3.3 Therapeutic mechanisms of the inferred targets

To gain mechanistic insights into the putative therapeutic actions of the predicted target molecules, we identified their expression patterns in the human body using a comprehensive human protein/gene expression database (Fig. 5, see also Section 2.4.1). While the expression of each target is found across multiple organs and cell-types (Fig. 5A and B, Supplementary Tables S20 and S21), the CKD and MI targets are enriched in the liver and the brain, respectively (Fig. 5C, Supplementary Table S22). At the single cell-level, we observed some enrichment in the hepatocytes and bipolar cells for CKD and MI, respectively (Fig. 5D, Supplementary Table S23). The result suggests that these organs/cells may serve as therapeutic targets for the respective disease.

Fig. 5.

The organ/cell expression patterns of the predicted disease-omics features for CKD and MI. (A) The heatmap indicating the expression levels of each predicted target (bottom) in each organ (left) for each disease (top). The raw data are available as Supplementary Table S20. (B) The heatmap indicating the expression levels for each predicted target (bottom) in each cell-type (left) for each disease (top). The raw data are available as Supplementary Table S21. (C) The organ enrichment analysis result for the predicted targets for each disease (top). The enrichment levels are indicated as –log10(q-values). The q-value (qvalue)=0.05 is indicated as a red line in each graph. The raw data are available as Supplementary Table S22. (D) The cell-type enrichment analysis result for the predicted targets for each disease (top). The enrichment levels are indicated as –log10(q-values). The q-value (qvalue) = 0.05 is indicated as a red line in each graph. The raw data are available as Supplementary Table S23

Further mechanistic insights were gained by the enrichment analyses of biological pathways and functions using KEGG and GO databases (Fig. 6, Supplementary Tables S24–S28, see also Sections 2.4.2 and 2.4.3). The analyses found the enrichment of the MI targets in neural-pathways and -functions. These analyses, together with the expression pattern results, suggest that the nervous system functions and pathways are potential therapeutic targets for MI. In contrast, no enrichments are found for the CKD targets, instead they are sparsely encompassed across multiple biological pathways and functions (Supplementary Tables S25–S28).

Fig. 6.

KEGG and GO enrichment analyses of the predicted disease-omics features for MI. The enrichment values for KEGG pathways and GO terms are shown as bars. The enrichment value is indicated as –log10(q-values). Those with q-values < 0.05 are shown. The q-value (qvalue)=0.05 is indicated as a red line in each graph. The raw data are available as Supplementary Tables S24–S28

Therapeutic-targeting elicits both favorable and unfavorable effects. The former is the therapeutic indications (TIs) and the latter is side-effects (SEs). Hence, we designed an analysis to infer these effects triggered by targeting the identified latent disease-omics features.

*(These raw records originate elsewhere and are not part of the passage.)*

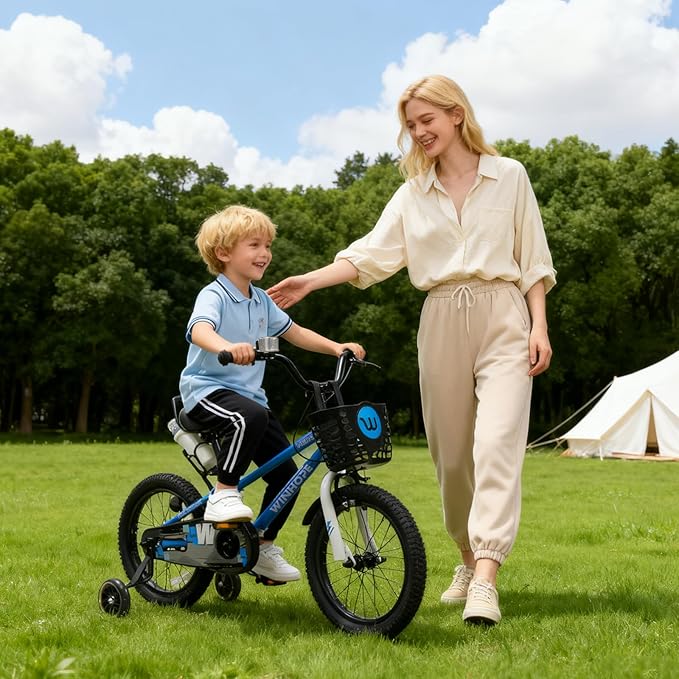 WinHope Kids Bike, 12-18 Inch Toddler Bicycle with Removable Training Wheels and Dual Brakes, Children Bike for Beginner with Adjustable Seat and Headlebar for 2-9 Years Boys Girls, Multiple Colors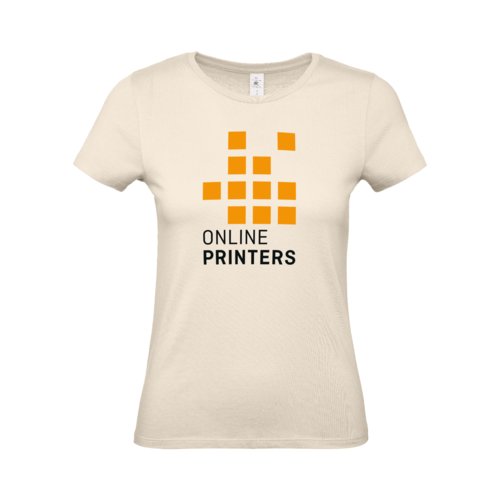 Beiges Baumwoll-T-Shirt fr Damen mit kurzen rmeln.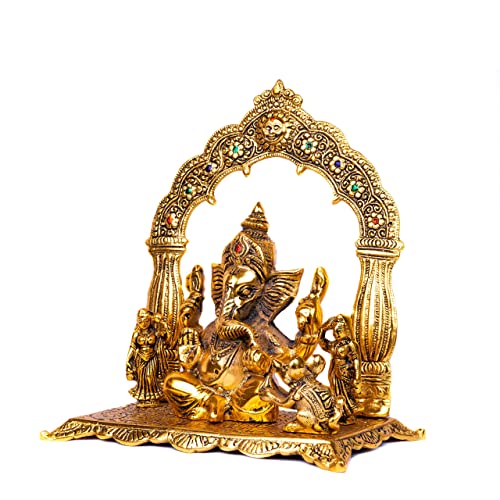Lavanaya Silver -Lord Ganesha Idol Ganpati Idol Showpiece | Statue (10 Cm x 11 Cm x 11 Cm, Silver Plated) (Gold, 25X22X13 CM) - Image 4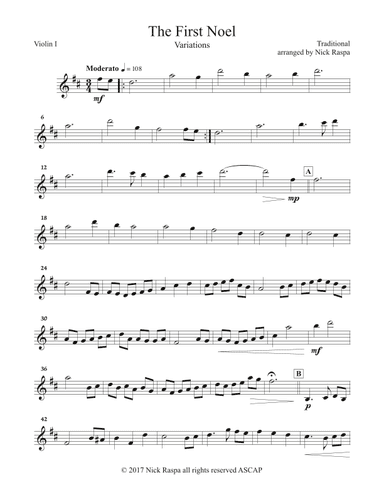 The First Noel (Variations for Full Orchestra) Violin I part (arr. Nick Raspa)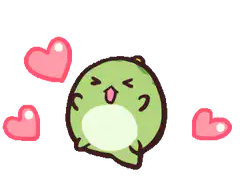 cute green character surrounded by hearts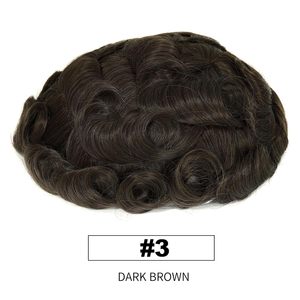 Topunique # Tupé Masculino de Encaje Marrón <span class=keywords><strong>Oscuro</strong></span>, 0.03mm Ultrafino, 130% <span class=keywords><strong>Cabello</strong></span> Brasileño Remy con Ondas Corporales, 24mm 70g-100g 8x10 - Product Image 2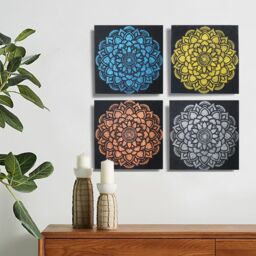KDMD Set of 4 Mandala Brocade Detail 30x30cm - Size: 30x30 cm - thumbnail 2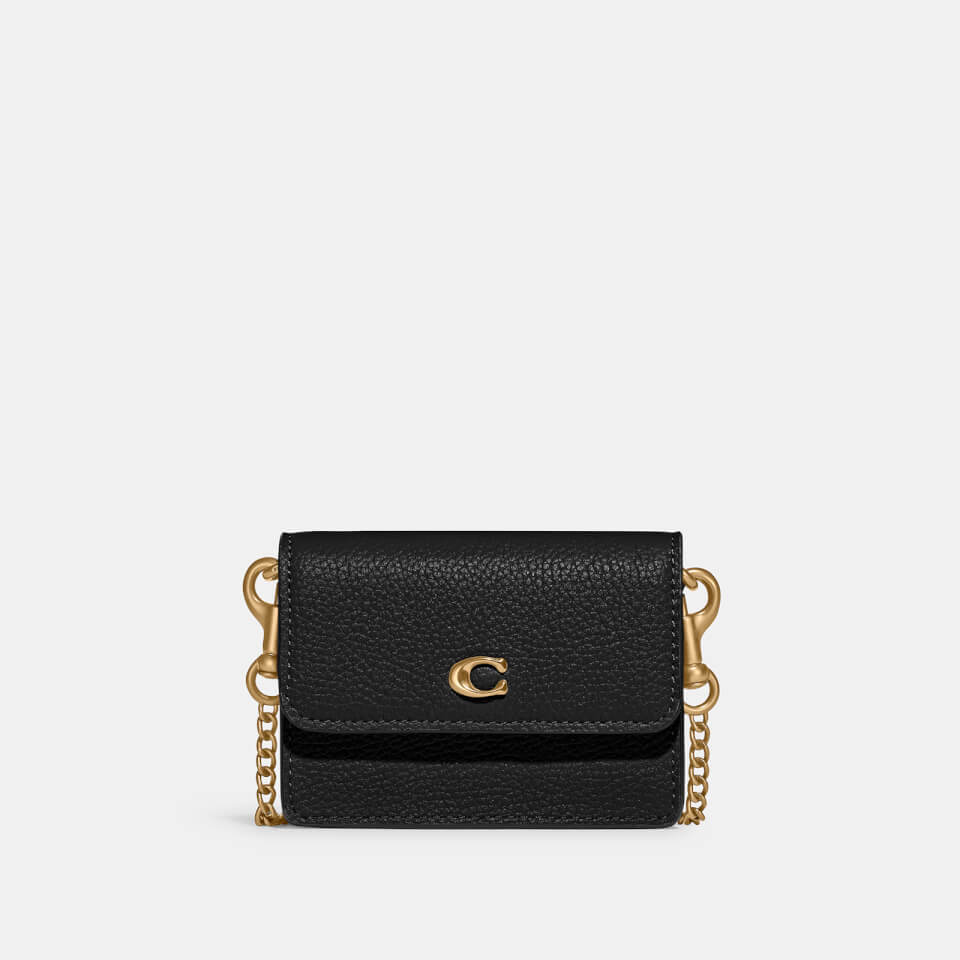 Coach Women's Pebbled Leather Half Flap Mini Crossbody Card Case Black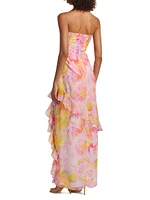 Magnolia Floral Strapless Maxi Dress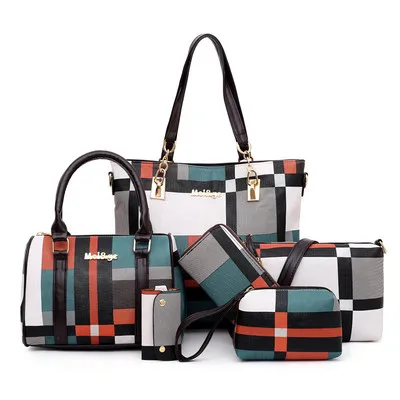 6PCS Women's Bag Set Fashion PU Leather Ladies Handbag Grid Print Messenger Shoulder Bag Wallet Bags women evening bag canvas messenger bag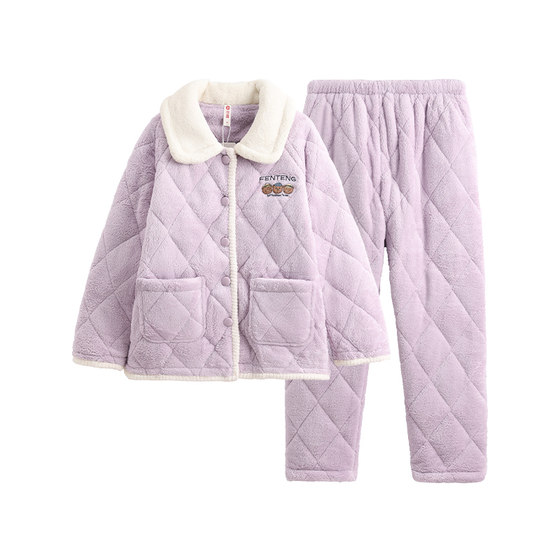 
Fenten winter coral velvet cotton couple pajamas men and women three-layer thickened anti-static home clothing cotton jacket set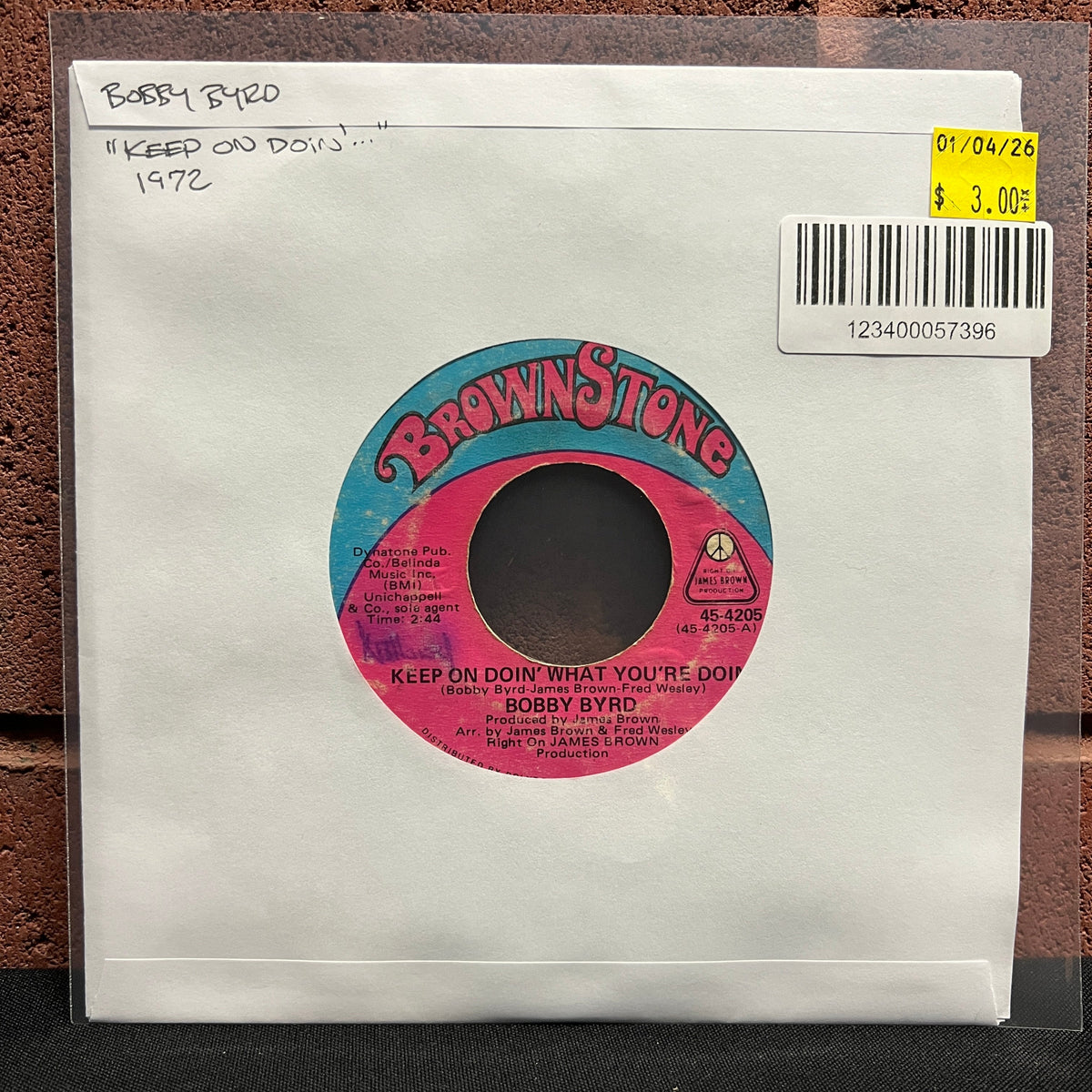 Used Vinyl: Bobby Byrd "Keep On Doin' What Your Doin' 7" (1972 Press)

For this purpose, we employed an edit-distance-based machine-learning classifier method (Fig. 7, see also Section 2.5). This classifier uses the edit-distance, specifically Levenshtein distance, to measure the similarity metrics between the pathways. This method measures the similarities of all possible pathways of the target candidates to each pathway downstream of the clinically approved drugs for each disease are computed. This is repeated for all pair-wise combinations for each disease and the computed edit-distances are used as input data for the corresponding disease-pathways classifier.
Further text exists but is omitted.